Our puppy trainer wants us to go for WC and JH this summer, or at least start our legs. Our first picnic trial is in April. I hope most of the snow is gone by then. I doubt we'll have any open water Though. My puppy has never swam! Freeze up was early Sept, so she never got a chance to more than wade. Should be fun to see her get our there. Gotta get my duck stamp, it's only $5 here. I'm so ready for summer, our winters are just too long. Send us some warmth from down south! Now I just hope she doesn't an early heat.


----------



## K9-Design (Jan 18, 2009)

Will most likely run Fisher in the qual at JRC my home club end of March. Would need to do some white coat stuff before then. We usually have a good time at these things and I'll be expected to marshal.


----------



## EvanG (Apr 26, 2008)

K9-Design said:


> Will most likely run Fisher in the qual at JRC my home club end of March. Would need to do some white coat stuff before then. We usually have a good time at these things and I'll be expected to marshal.

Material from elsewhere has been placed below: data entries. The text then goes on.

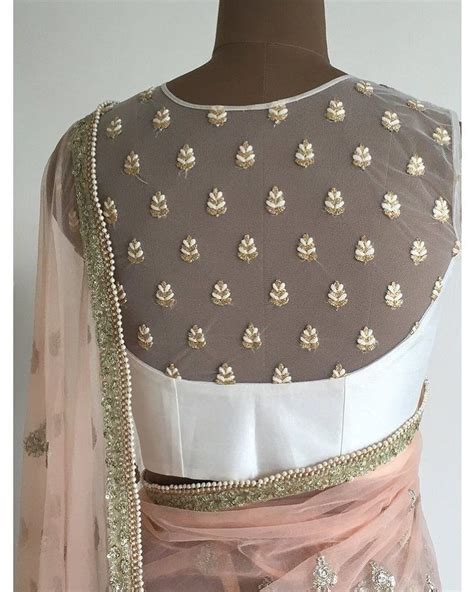 latest-net-blouse-designs-for-sarees (54) • Keep Me Stylish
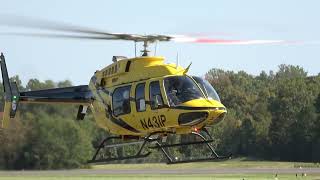 Bell 407 Helicopter N431P at Culpeper Air Fest 2024 [upl. by Xonk]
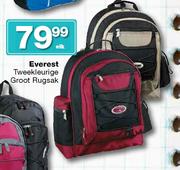 Everest Tweekleurige Groot Rugsak-Elk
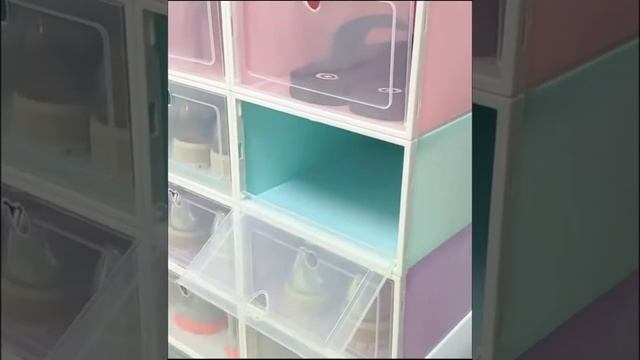 Коробка для хранения обуви, органайзер для обуви, хранение обуви, обувница для обуви, полка, 3шт. смотреть онлайн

Just a tip: train on Open work, and simplify as needed. Train at a higher level, and make sure your dog is not overwhelmed on game day. I salute those intrepid trainers who compete. It's really a blast!

EvanG


----------



## sterregold (Dec 9, 2009)

No FTs for us this summer--Bonnie aged out of Derby, and the one trial I was going to run her in last fall got cancelled because of the drought!

I am working on consolidating her handling and want to be running SH with her this summer, and get her mom Breeze back in a few MH tests now that she will not be having a maternity leave this spring. Bonnie is already doing well on MH marking concepts (she did a delayed triple setup better than her mom at one training day!), so once we get the blinds consistent she should be more than ready for Senior.


----------



## gdgli (Aug 24, 2011)

I'm going to guess that I will be asked to shoot at one.


----------



## Klamath Gold (Dec 26, 2008)

With the family schedule, I cannot train for field trials. I hope to get Valentino up to speed to run two or three derbies before he ages out in June 2014. This year is just training and probably shooting for a local trial.
Good Luck to everyone that takes that step... watch out, the water is DEEP!


----------



## Tatnall (May 20, 2008)

Ran our first of the season last weekend and another one this weekend. The first one is always fun since our dogs have not been in the water since December. But my wife is starting to handle so it is good practice for her. She got nervous and messed the young critter up in the Q, but she recovered nicely and did a good job as test dog in the double land and water blind with all the handlers watching closely.


----------